Early 2005, the second year of my American life, I had visited my apartment rental office because I was upset about the fact that my rent will be increasing a lot after renewal. I could meet the manager at the office and then asked, “What is the reason anyway my rent will be so high like this?” Then she plainly answered, “Supply and Demand.” I was speechless after hearing that answer and so far I remember it was the most embarrasing moment in my life.
I had been studing and living with Economics about 6 years, even more if I added the period of my millitary service. Even though the long years of study I had, I even didn’t know the characteristics of the price in my heart. Now, I have been teaching almost 10 years at the college, my students know really well about this answer. They usally get a right answer even the first class of the principle of Economics.

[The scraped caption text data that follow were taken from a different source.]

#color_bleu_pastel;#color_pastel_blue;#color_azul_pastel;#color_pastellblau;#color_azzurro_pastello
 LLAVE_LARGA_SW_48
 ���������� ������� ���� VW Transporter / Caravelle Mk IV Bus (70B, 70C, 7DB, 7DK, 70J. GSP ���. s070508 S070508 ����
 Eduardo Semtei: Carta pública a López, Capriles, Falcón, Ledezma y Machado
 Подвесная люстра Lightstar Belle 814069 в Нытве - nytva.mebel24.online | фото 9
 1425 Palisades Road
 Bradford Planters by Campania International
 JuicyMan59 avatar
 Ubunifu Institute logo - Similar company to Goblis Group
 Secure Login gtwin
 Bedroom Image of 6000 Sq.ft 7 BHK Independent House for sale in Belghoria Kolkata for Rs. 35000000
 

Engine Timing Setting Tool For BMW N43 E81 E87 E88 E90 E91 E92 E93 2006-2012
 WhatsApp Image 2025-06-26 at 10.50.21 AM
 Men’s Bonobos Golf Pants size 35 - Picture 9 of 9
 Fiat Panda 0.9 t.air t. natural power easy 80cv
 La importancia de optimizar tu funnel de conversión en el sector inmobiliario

The “market”, where the trade happens, supply and demand meet, the price is determined, is the answer. In other perspectives, the state, consequence, or result from economic activity in the market, can be called “equilibrium.” One of my professor in my undergraduate year, emphasized that he think that the equilibrium is the most important concept of summarizing Economics. I strongly agree with his argument. Economists, who especially study microeconomics, have the good paradigm of supply and demand model and the equilibrium is the status quo of all their model.
The origin of the equilibrium is market. If we accept broad meaning of market, not only physical and old style farmers markets but also new format of market, such as eBay, Amazon, other online stores and so on, we can easily understand the fact that the price of each product will be determined by the interaction between buyers and sellers. In Economics theory, the most simple and clear model so far, boldly speaking, is the supply and demand model. It is even easy to understand and intuitive.